The bank blamed a recalculation of the Prudential Regulation Authority’s leverage ratio under new European definitions of capital.

It said it had a 2.2 per cent leverage ratio under that measure, when factoring in expected losses and other charges, as at the end of June. That compared with a 2.5 per cent number reported by the PRA last month on the basis of older figures.

The rights issue will be priced at 185p per share, equivalent to a 35 per cent discount to the theoretical ex-rights price. The offering is underwritten by Credit Suisse, Deutsche Bank, Bank of America Merrill Lynch and Citigroup.

In addition, the balance sheet would be shrunk by between £65 billion and £80 billion, Barclays said, bringing it down to £1.5 trillion. Retained earnings would make up the balance of the capital gap.

Antony Jenkins, chief executive, described the plan as “bold and decisive” and said a target to distribute 40-50 per cent of earnings in dividends would be accelerated by a year to 2014. However, the aim of exceeding the bank’s cost of capital, which Mr Jenkins has said is about 11.5 per cent, was pushed back to 2016.

Alongside the capital measures, the bank announced £2 billion of fresh mis-selling provisions, £1.35 billion to cover PPI and £650 million to cover interest rate swaps.

Barclays also announced second-quarter profits of £3.6bn on an adjusted pre-tax basis, down 17 per cent. Statutory pre-tax profit doubled to £1.7 billion, the bank said.

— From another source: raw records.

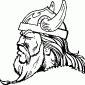 VIKING03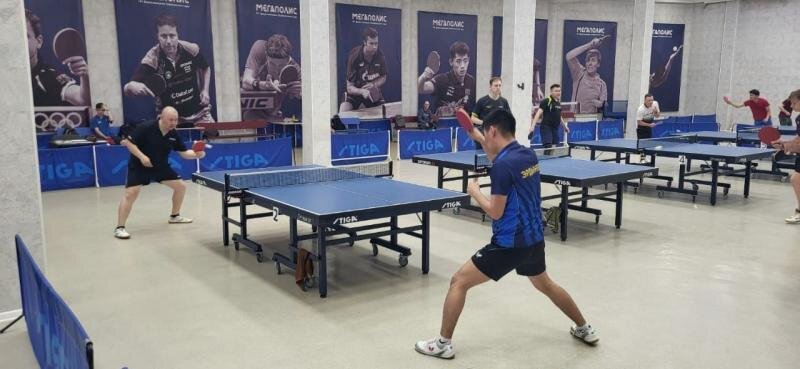 Фото: Чингис Цыдаев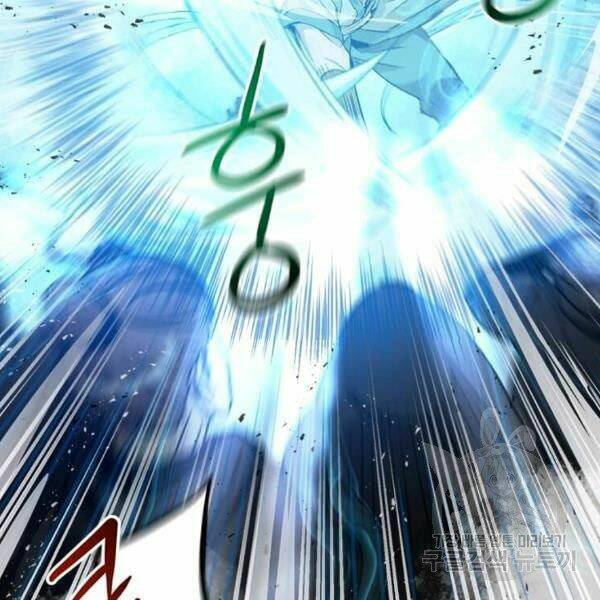 Đạo Sĩ Giang Hồ - Chapter 57 - Page 103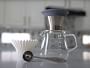 Video 1 for ESPRO Bloom Pour Over Coffee Brewing Kit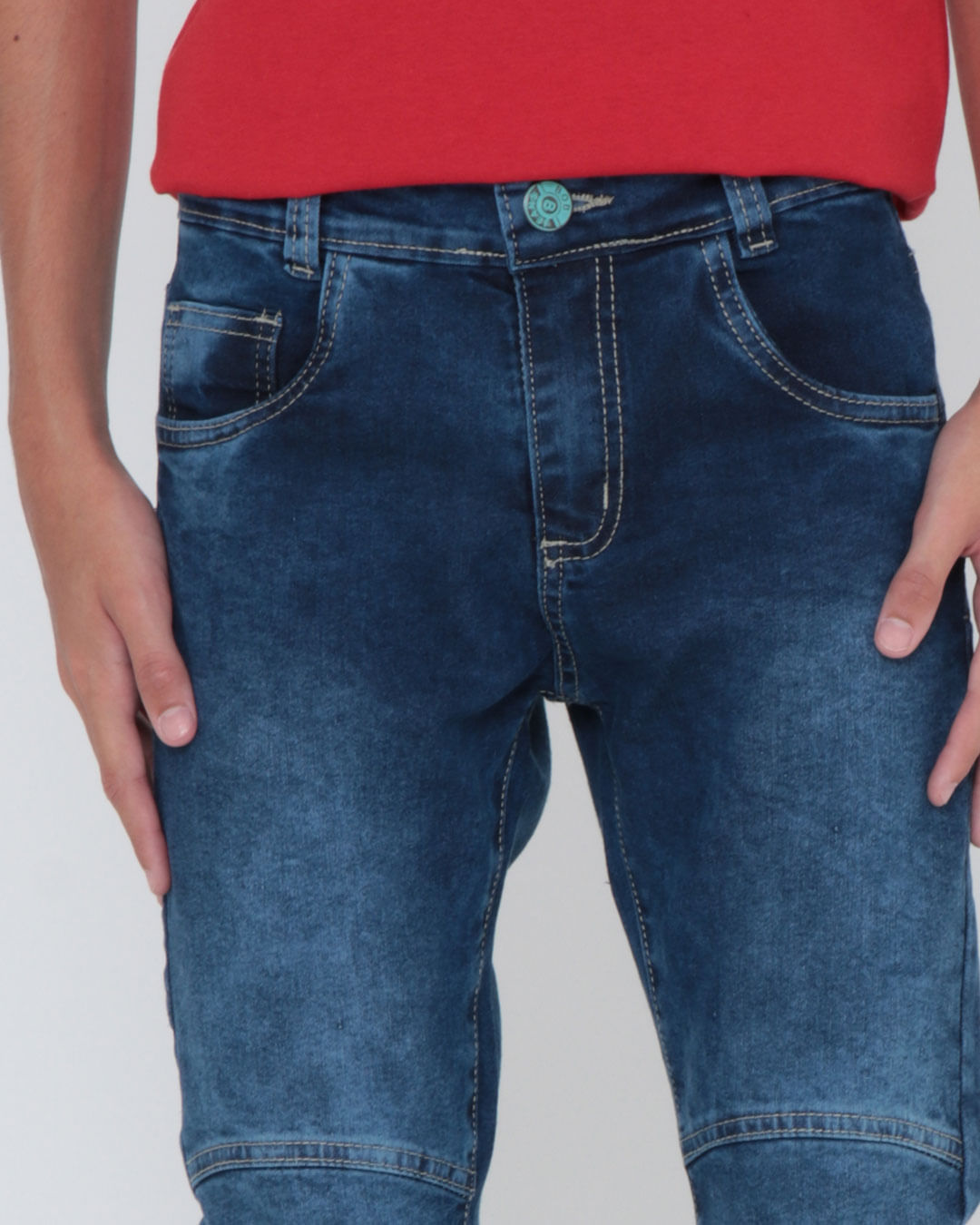 Calca-Jeans-12140-Masc-1016-Lc---Blue-Jeans-Medio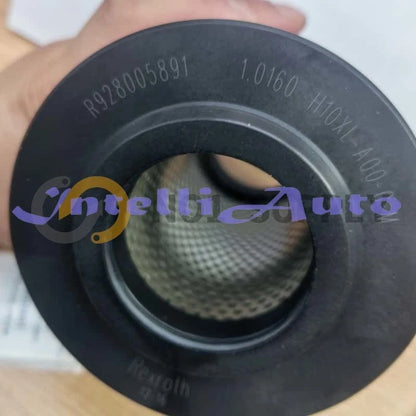 1PC Rexroth R928005891 Hydraulic Filter Element Fast delivery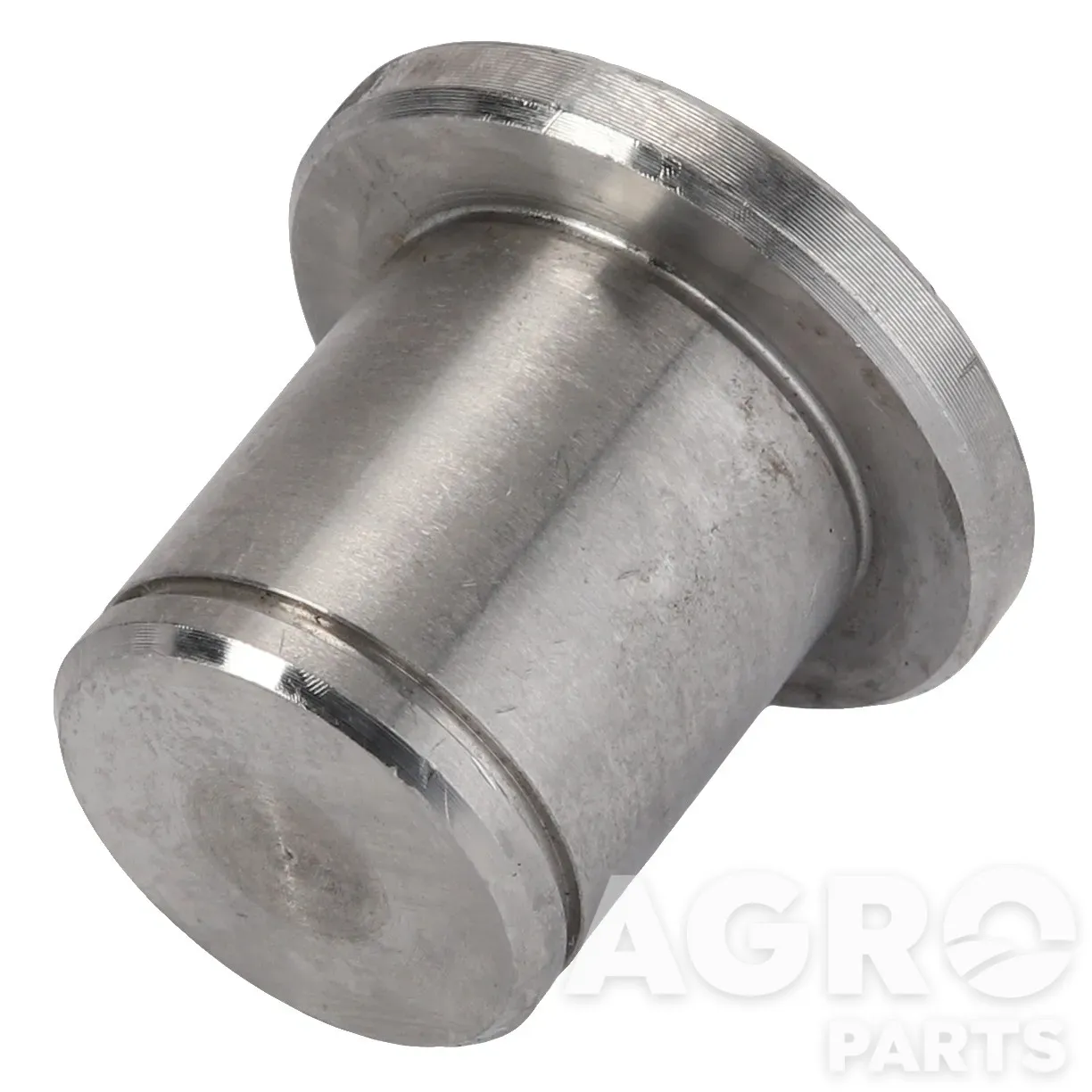 046069P1, Штифт, AGCO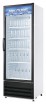 Шкаф холодильный Turbo air FRS-505CF - БумерангШоп.РФ - Всё для торговли и общепита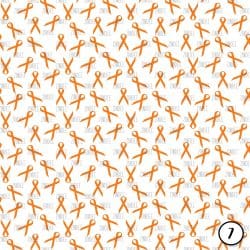 Orange Awareness (vinyl) - Image 8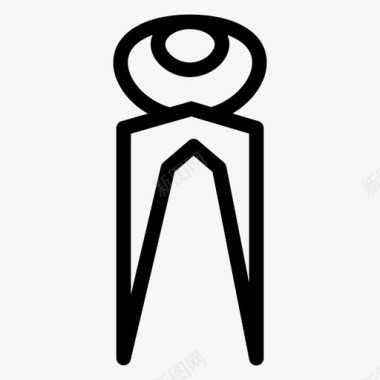 维修业务设备图标图标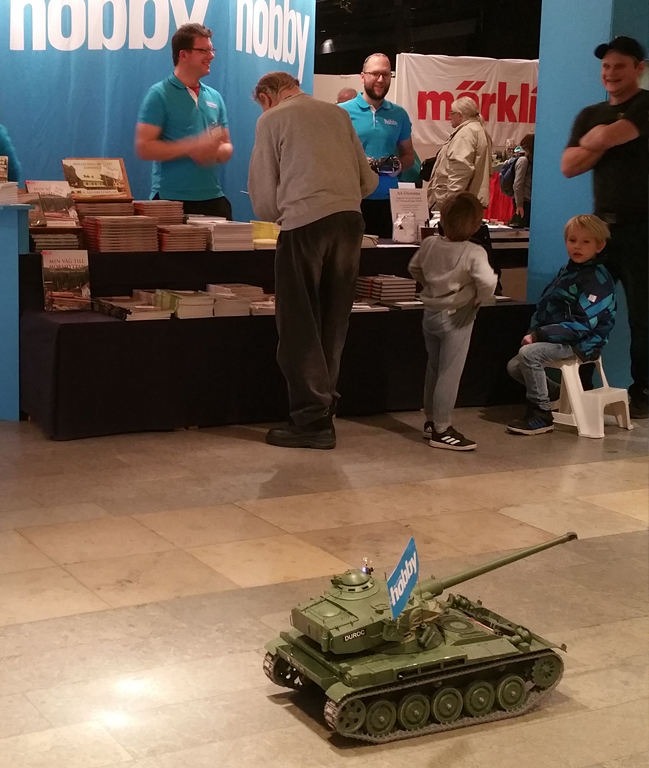 Amx.jpg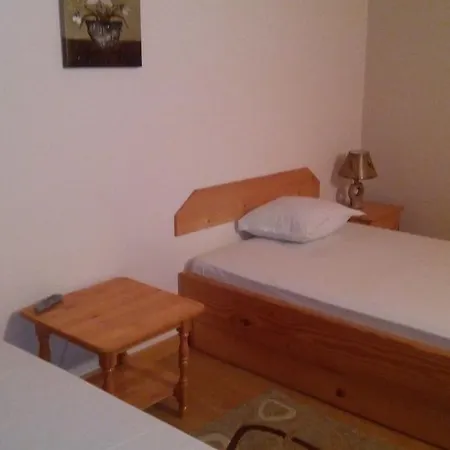 Edelweiss Govedartsi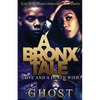 A Bronx Tale: Love and a Death Wish - Paperback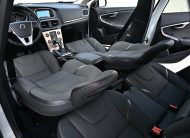 Volvo V40 Cross Country 2.0 D2 Momentum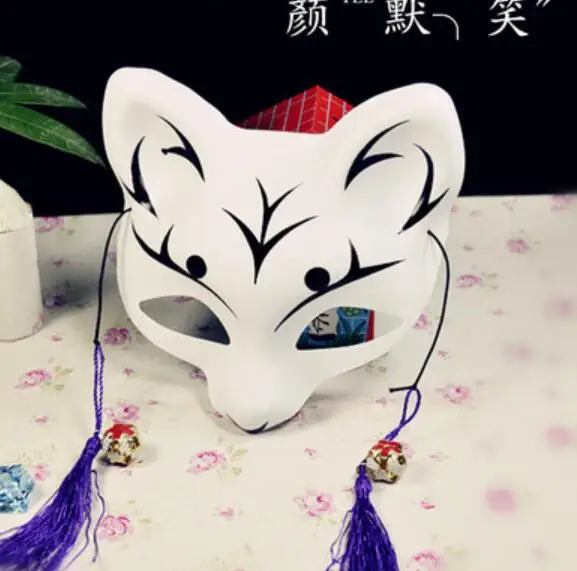QQ20180402194211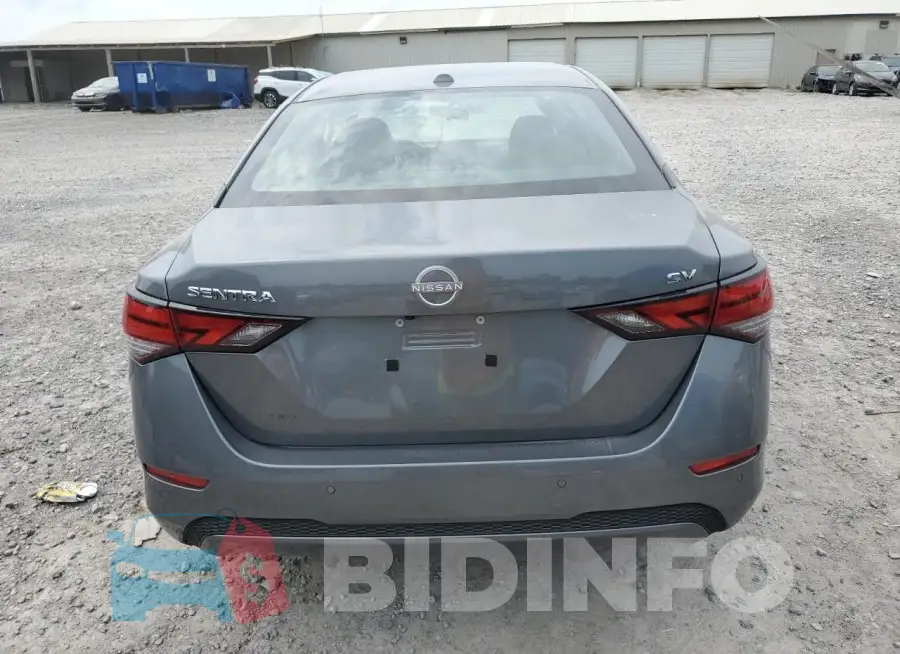 3N1AB8CV2RY386057 Photo# 6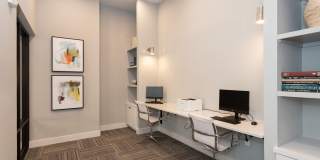 Coronado on Briarwood Gallery 17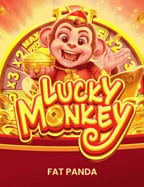 แชร์ประสบการณ์สมัคร เว็บ 123dic พร้อมสูตรเล่นเกมสล็อต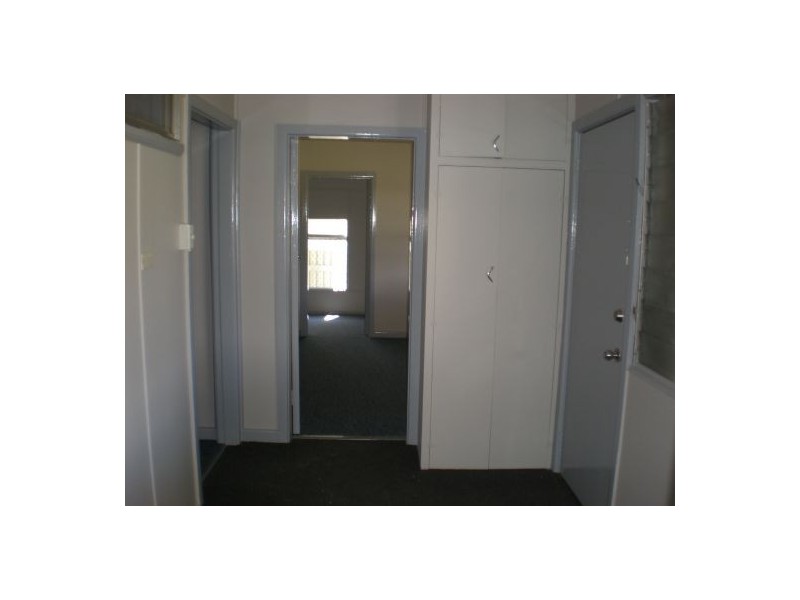 92 Arthur Street, Walgett NSW 2832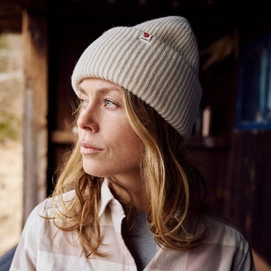 4---Square_FW24_Fjallraven_7585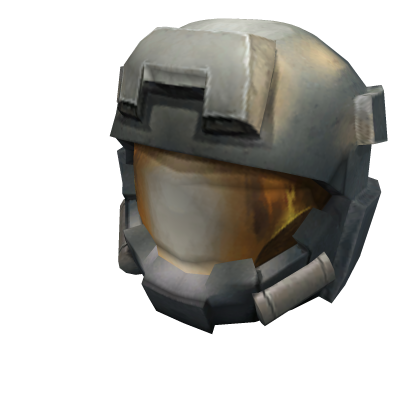 Elite Space Trooper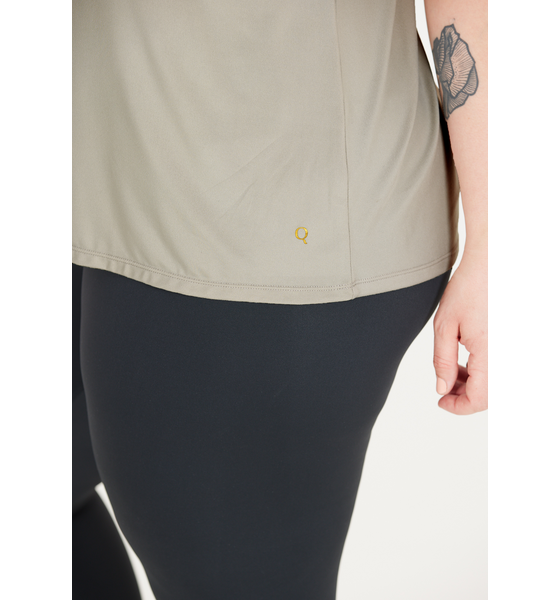 Q SPORTSWEAR Jenirei på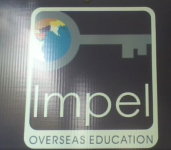 Impel Overseas Education-1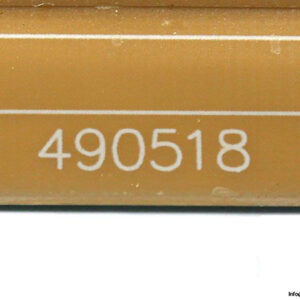 cb162-ans-433-92-490518-circuit-board-2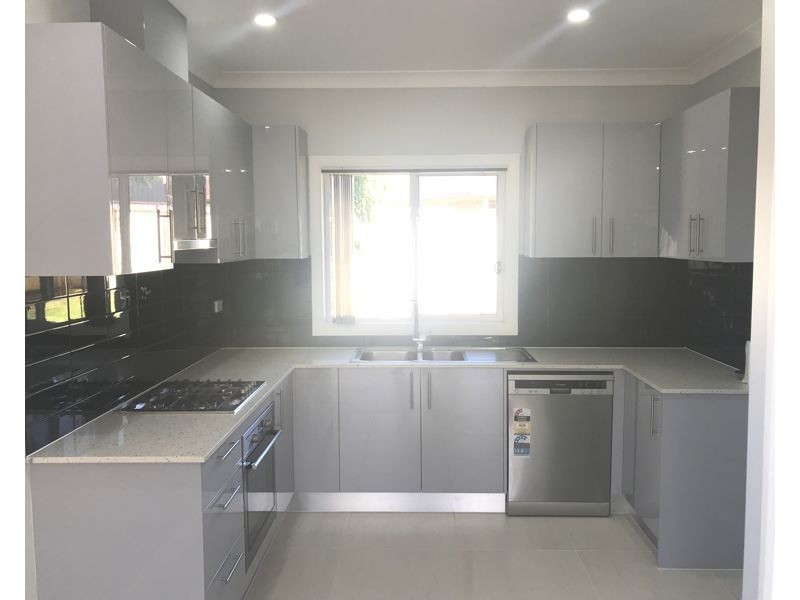 5a Orara Place, Plumpton NSW 2761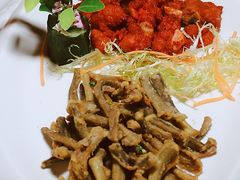 -文儒九号·闽菜馆(三坊七巷店)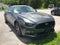 2015 Ford Mustang Base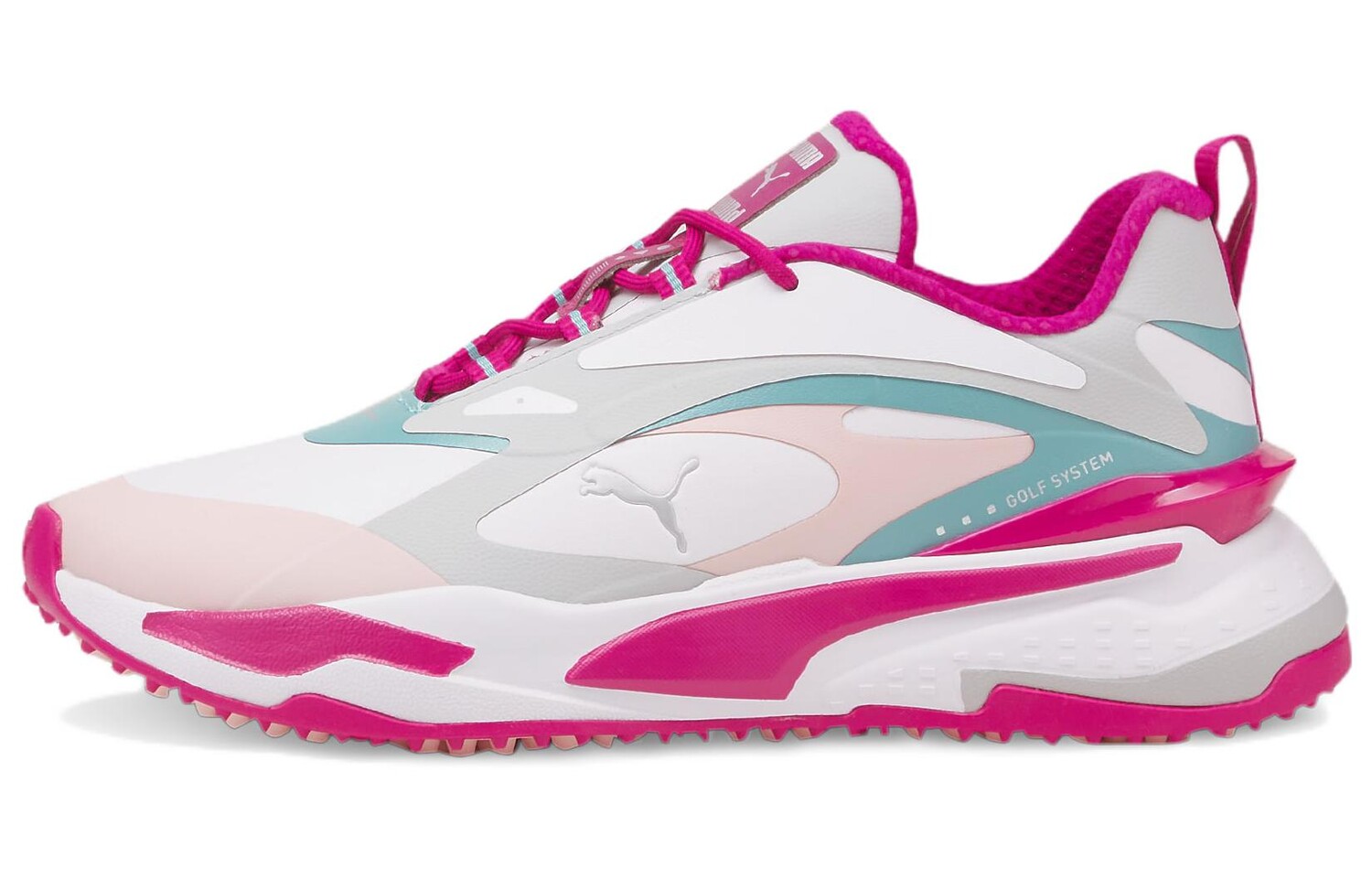

Обувь для гольфа Puma Женская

- Capital raise is in line and discount for rights is as expected so will eliminate capital shortfall.

- BARC is offsetting this by saying they will increase dividend payout earlier to 40-50%, but having to push out ROE being above COE until 2016 now.

- BARC should therefore trade at discount to their new TBV of 306p (post rights) or 336p (pre rights).

- This is not helped by 1H profits being weaker than expected with the increase in provisions being a concern.

- So overall expect BARC to be c.5% weaker today partly on capital raise and pushed backed ROE targets.

- Weaker than expected earnings likely to push consensus down 2-3%.